PISCATAWAY, N.J., July 17, 2002 — The Institute of Electrical and Electronics Engineers Standards Association (IEEE-SA) Standards Board has approved the new standard, IEEE C57.123, “Guide for Transformer Loss Measurement,” as well as two revised transformer standards that involve underground transformers and insulating oil. The board also approved the start of work on two new standards projects.
IEEE PC57.123 is a guide to the instrumentation, circuitry, calibration and measurement methods used in evaluating no-load and load losses and excitation current in power and distribution transformers. It provides supplemental information for tests in the test code, IEEE C57.12.90-1993.
The two revised standards approved are:
IEEE PC57.12.23, “Standard for Underground Type, Self-Cooled, Single-Phase, Distribution Transformers with Separable Insulated High-Voltage Connectors; High Voltage 25000 V and Below; Low Voltage 600 V and Below; 167 kVA and Smaller,” expands the scope of the existing standard by adding ratings of 25,000 V and below and 600 V and below.
IEEE PC57.106, “Guide for Acceptance and Maintenance of Insulating Oil in Equipment,” recommends analytical test and evaluation procedures for the acceptance and use of the petroleum (mineral) dielectric oils contained in transformers, voltage regulators, switchgear, reactors, circuit breakers and load tap changers.
The Board also approved the start of the following two standards
IEEE PC57.12.36, “Standard Requirements for Liquid-Immersed Distribution Substation Transformers,” will be the first standard to provide adequate requirements for 50 and 60 Hz systems rated at 10,000 kVa and below three phase and 6,667 kVa and below single phase with a primary voltage of 69,000 and below and a secondary voltage of 34,500 and below. It will include issues concerned with indoor and outdoor applications, cover and wall terminations and switchgear coordination.
IEEE PC57.93, “Guide for Installation of Liquid-Immersed Power Transformers,” will update an existing standard by adding present practices.
The above standards are sponsored by the Transformer Committee of the IEEE Power Engineering Society.

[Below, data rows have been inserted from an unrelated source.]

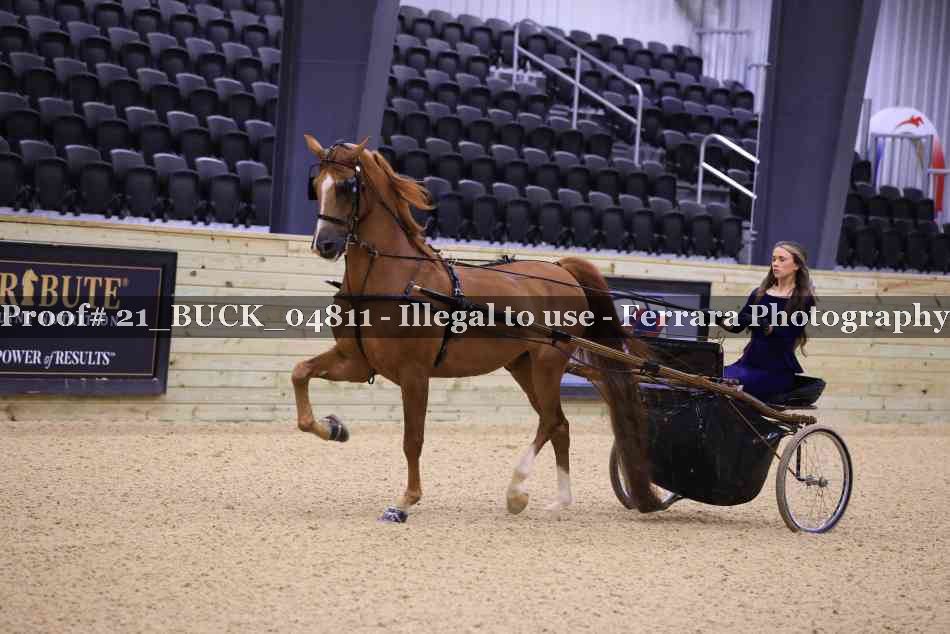 Proof 21_BUCK_04811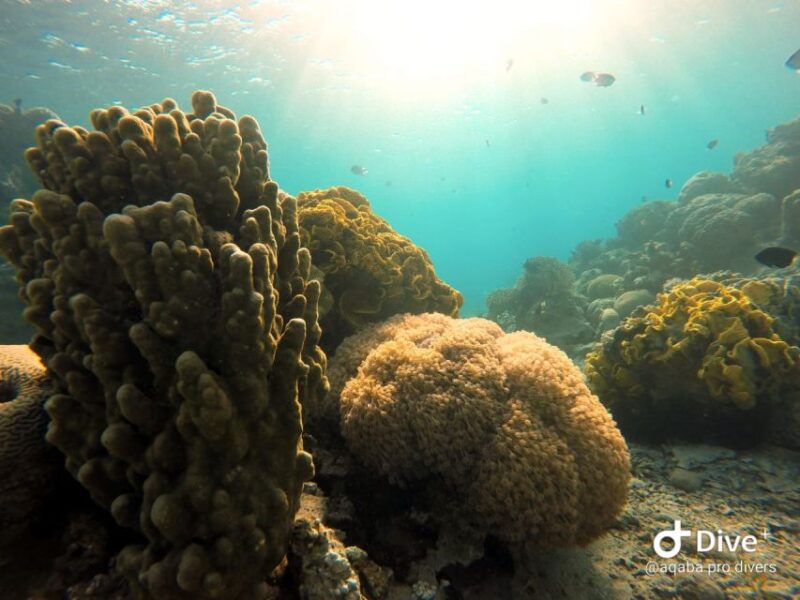 Pivate Scuba Diving in the Red Sea of Aqaba - Diving Experiences and Activities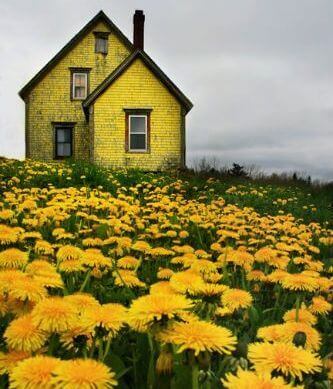 Żółty dom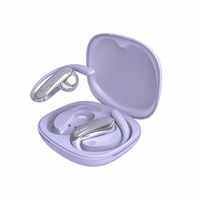 Dudao U17Z Bluetooth 5.3 OWS ausinės with Ear Hooks - violetinis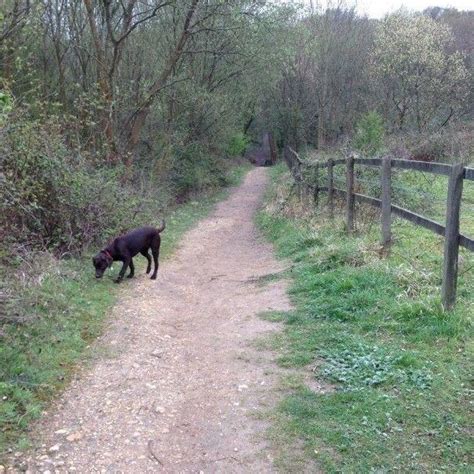 Dog walk at Swanwick Nature Reserve · Hampshire · Walkiees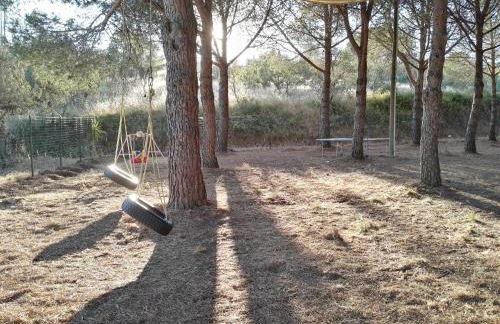 Dolce Vita - Foto 61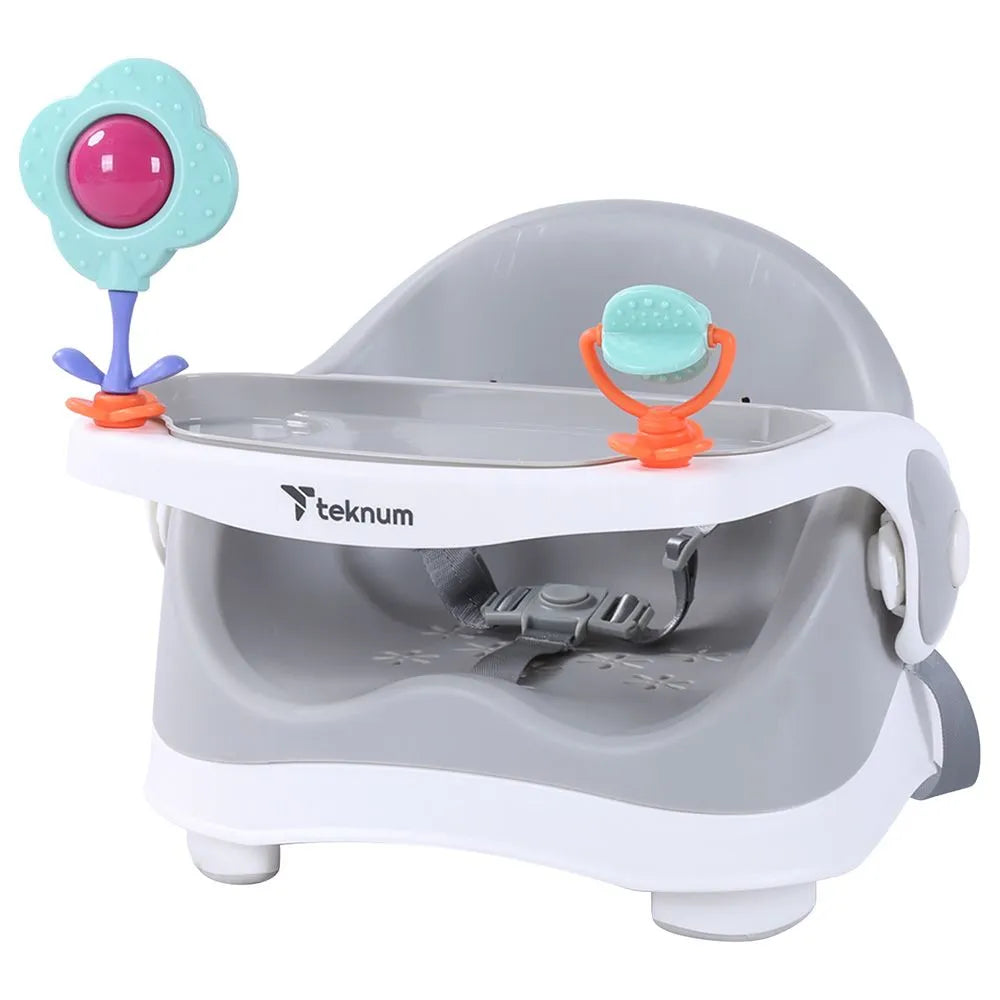 Teknum Baby Booster Chair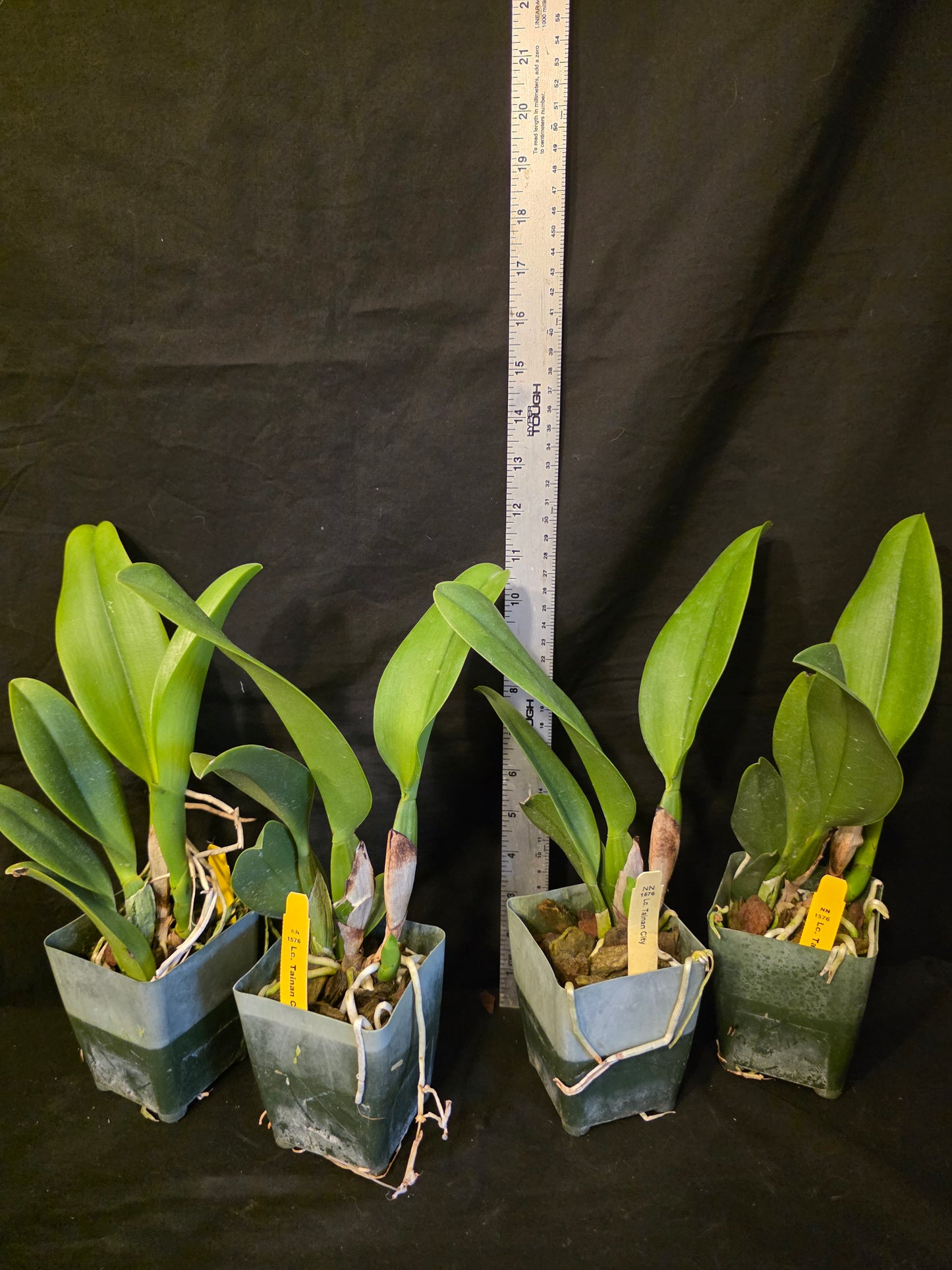 Lc Tainan City, near blooming size cattleya orchid hybrid. Large Fragrant blooms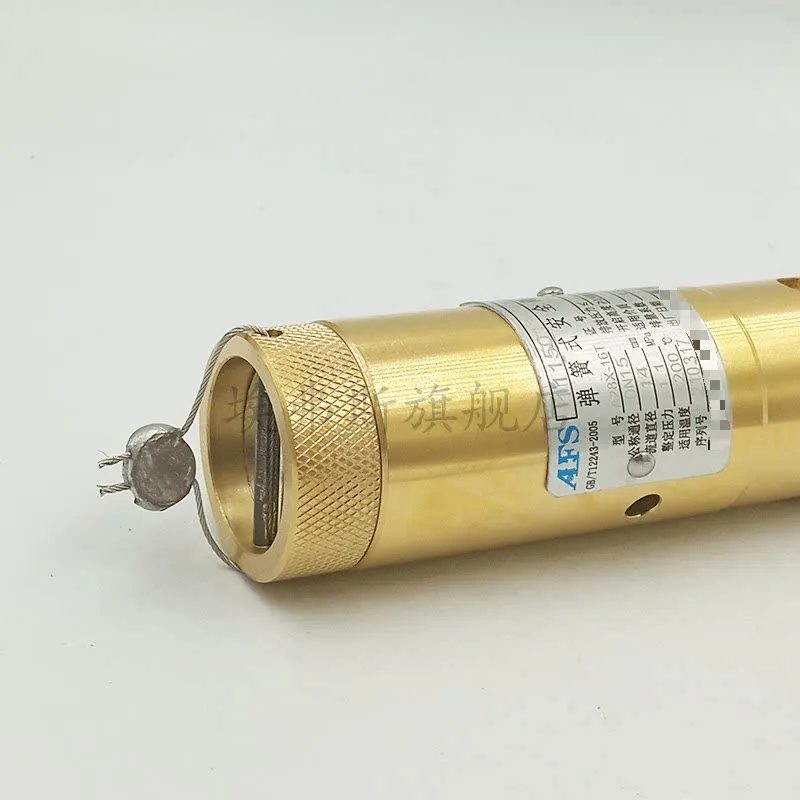 Evers safety valve spring type A28X-16T air compressor DN1520 pull ring straight safety valve
Evers safety valve spring type A28X-16T air compressor DN1520 pull ring straight safety valve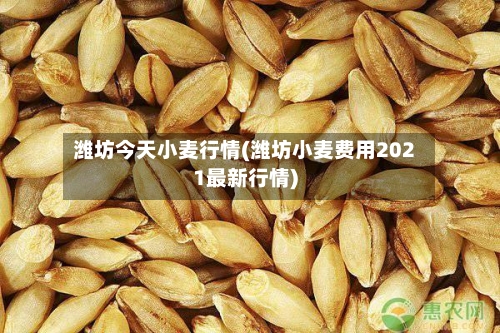 潍坊今天小麦行情(潍坊小麦费用2021最新行情)-第2张图片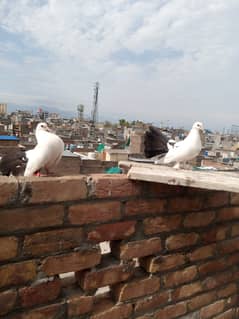 Lucky pigeon pairs forsale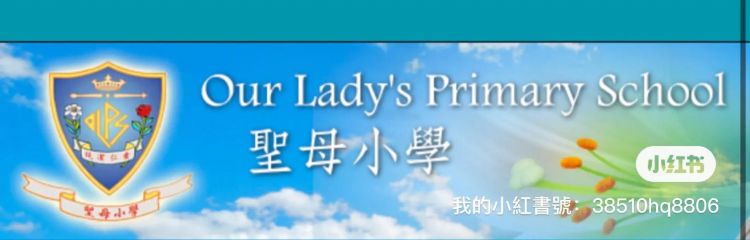 香港小学插班网上申请指南:步骤详解与注意事项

The IEEE Standards Association (IEEE-SA), a global standards-setting body, develops consensus standards through an open process that brings diverse parts of an industry together. It has a portfolio of more than 870 completed standards and more than 400 in development. IEEE-SA promotes the engineering process by creating, developing, integrating, sharing and applying knowledge about electro- and information technologies and sciences for the benefit of humanity and the profession.